I am put in mind too of a recent exchange, at a conference of European Ombudsmen, with the Norwegian Ombudsman in which he gently chided the UK for allowing its judges to have the last word on whether an Ombudsman has come to the right conclusion. This he regards as a jurisprudential outrage. When asked whether in that case he considered the Ombudsman to be above the law, he had no hesitation in replying, ‘What do you mean? The Ombudsman is the law’.3

I do not intend going quite as far as that today, but I do want to stake a claim for the PHSO (and for public sector Ombudsmen more generally) as an integral part of the administrative justice ‘scene’ in this country, in fact as a coherent ‘system of justice’ in its own right.4 I want as well to identify some of the distinctive features of that ‘system’, of the Ombudsman approach, the things that make it significantly different from the conventional common law way of going about these things. This is justice, but not necessarily as we know it. In doing that, I want to suggest, however, that the Ombudsman system, although different, is complementary to the courts and tribunals on the one hand and to negotiated forms of alternative dispute resolution on the other; different from, yet receptive to elements of, both.

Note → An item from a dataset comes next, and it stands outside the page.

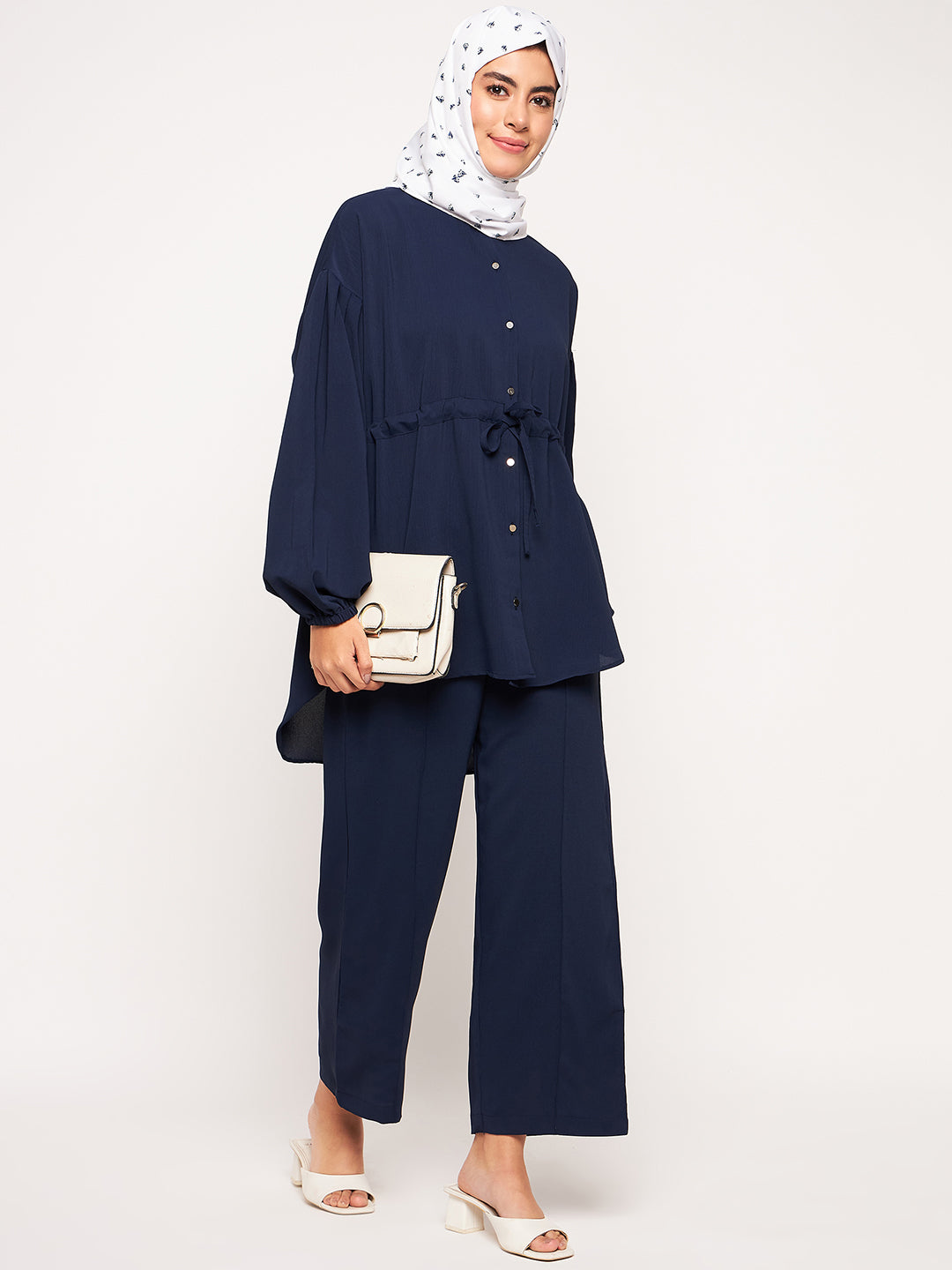 Nabia Blue Solid Co-ord Set for Women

And I want as well to pose some questions that flow from these observations: if the Ombudsman system is complementary to the rest of the administrative justice system, to what extent do the other parts (the courts and tribunals, for example) repay the compliment by recognising it as such; and if this really is a system of justice, where in the Ministry of Justice is the overview of that part of the justice system and the ownership of developments in Ombudsman policy to be found?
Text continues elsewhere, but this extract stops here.